RAINBOW and GUSTO: Stealth and the Design of the Lockheed Blackbird


Wednesday 11 December 2013, 14:00, Parsons Building (Crossland Lecture Theatre)

Lockheed A-12 Blackbird

When the first flights of the U-2 spyplane over the Soviet Union were tracked by air defense radars, the CIA realized that it was only a matter of time before it would be shot down, and thus began a crash program to reduce its radar cross section. This effort evolved into a competition to design a follow-on aircraft that would be invisible to radar. Over a period of two years, Lockheed and Convair explored a variety of subsonic and supersonic designs and tradeoffs among performance, payload, and RCS, resulting in selection of the Lockheed A-12 Blackbird. While the efforts were not completely successful, they laid the basis for future developments in low-observable aircraft, such as the F-117 and B-2.

Dr Paul Suhler is a computer engineer in the data storage industry, working for Quantum Corporation in Irvine, California, where he has contributed to the creation of seven different removable-media storage devices. A specialist in communication protocols and computer security, he has participated extensively in the development of computing standards, and received the 2009 Technical Excellence Award from the InterNational Committee for Information Technology Standards. He has published numerous conference and journal papers in parallel computing.

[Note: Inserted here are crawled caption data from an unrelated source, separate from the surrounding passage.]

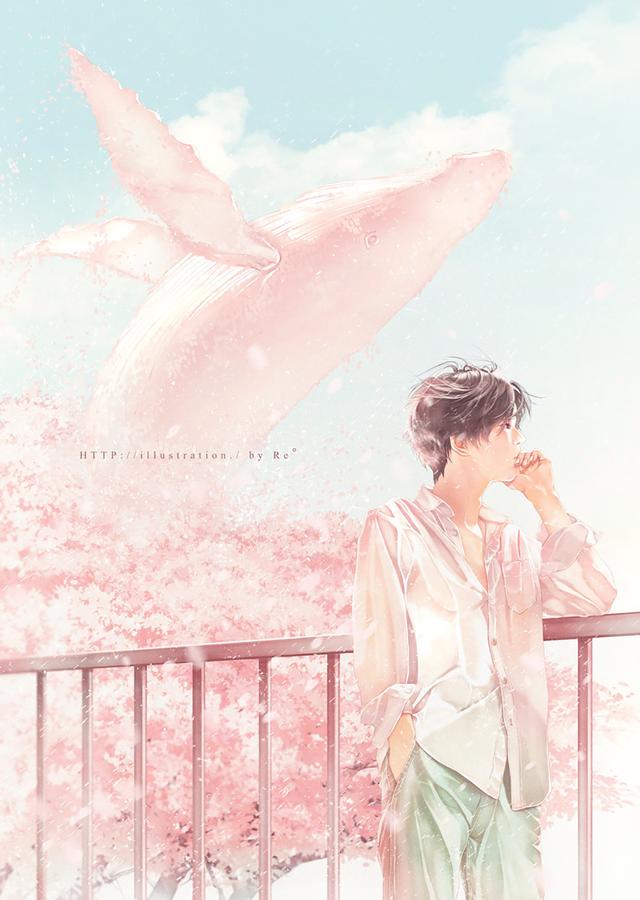 光影美，光影美学概念（淡淡的色彩表达颇具美感图片）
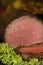 Close-up of juicy rare roast beef custed with pepper sliced with a curly green lettuce garnish - selective focus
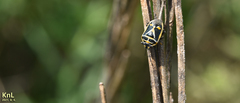 Eurydema gebleri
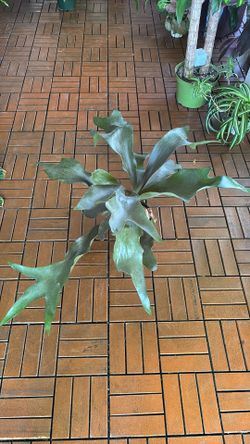Staghorn Fern plant 6” pot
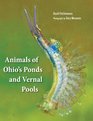 Animals of Ohio's Ponds & Vernal Pools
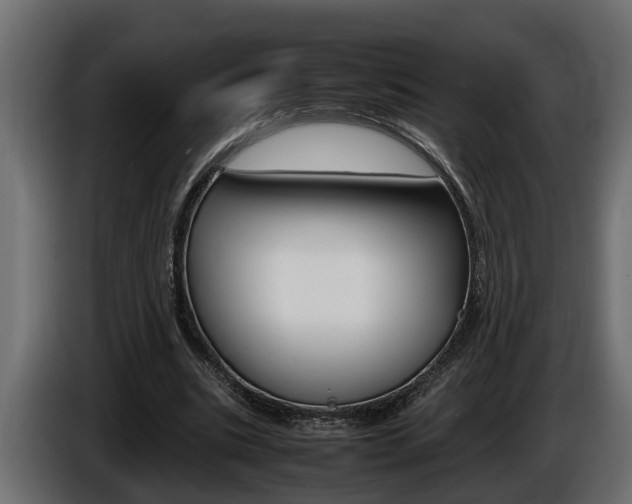 X0000086760535200704130816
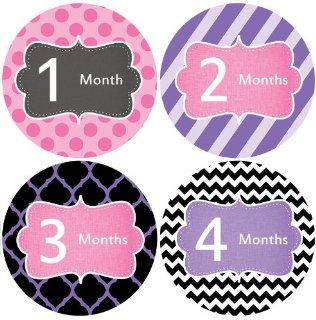 Pink Purple #164 Girl Baby Month Stickers for Bodysuit Chevron Polka Dots Stripes  Baby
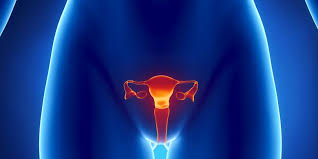 Struktur luar dari sistem reproduksi pria terdiri dari penis, skrotum (kantung zakar) dan testis (buah zakar). 7 Penyakit Yang Mengintai Sistem Reproduksi Wanita Halaman All Kompas Com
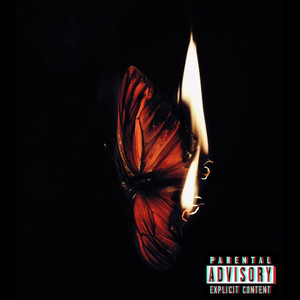 Butterfly Experince (Explicit)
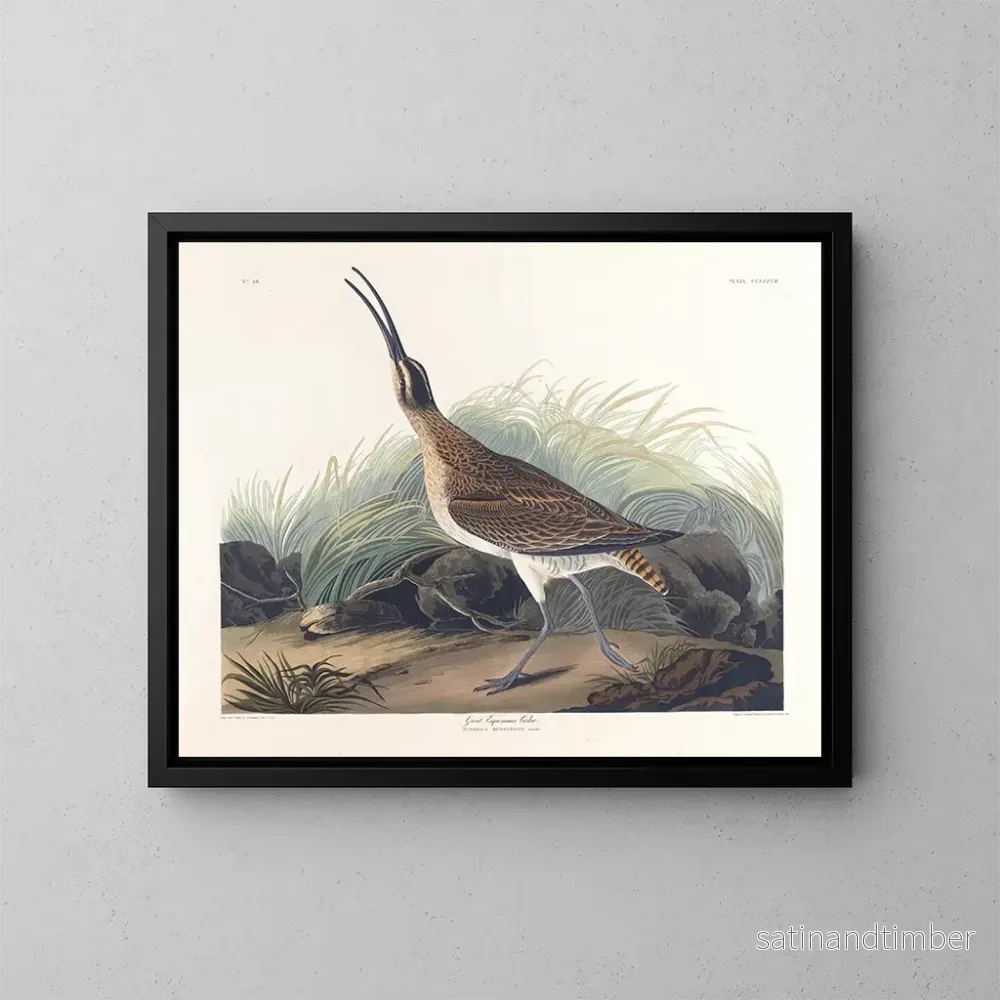 Reproduktion av målningen av stor tundrappar - John James Audubon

Suhler received the BSEE and PhD in computer engineering from the University of Texas at Austin, and the MS in computer engineering from the University of California, Berkeley. A former Regular Army officer, he has also been a research staff member at IBM T.J. Watson Research Center and a research assistant professor at the University of Southern California. He holds a commercial pilot license and a US Parachute Association C license. He is a senior member of the Institute of Electrical and Electronics Engineers and a member of the Association for Computing Machinery.